Craddock saw Charles' lip quiver, and heard that it cost him an effort to command his voice.

"Not really?" he stammered.

"Unless I am much mistaken, and it has been the business of my life to seek out those who can see and draw and paint. Now I don't know your name, and assuredly I have never seen your work before, and since it is my business also to know the names and the works of all young men who can paint, I imagine that you have your artistic début, so to speak, still in front of you. But I shall be exceedingly grateful to you if you will sell me your picture, straight away, here and now. And if you won't let me have it for fifty pounds, I shall have to offer you sixty."

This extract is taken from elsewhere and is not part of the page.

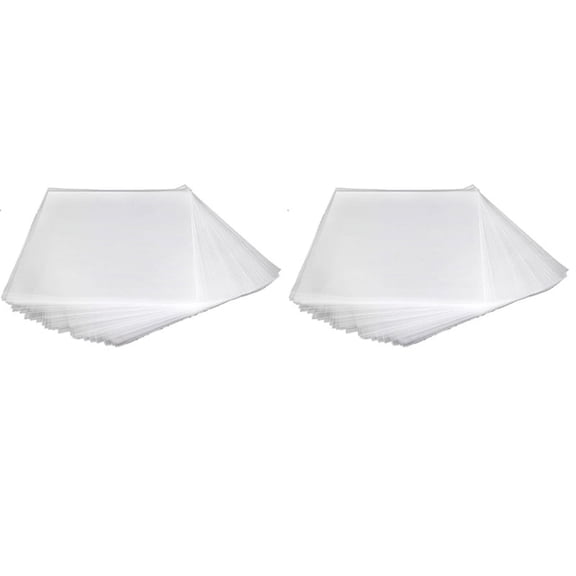 100PCS OPP Gel Record Protective Cover for Turntable Player LP Vinyl Record Bag Flat Open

Charles looked vaguely round, first at Craddock then at his picture, then at the spouting weir, almost expecting to see them melt, as is the manner of dreams, into some other farrago as fantastical as this, or dissolve altogether into a waking reality.

"Do you really mean you will give me fifty pounds for it," he asked.

"No: I will give you sixty. But don't touch it again. Take my word for it that it is finished. Or did you know that already?"

"Oh, yes," said the boy. "I finished it an hour ago. But I came back to make sure."

"Well, then, when you leave your encampment here, will you please send it to me at this address? That is to say, if I am to have the privilege of purchasing it."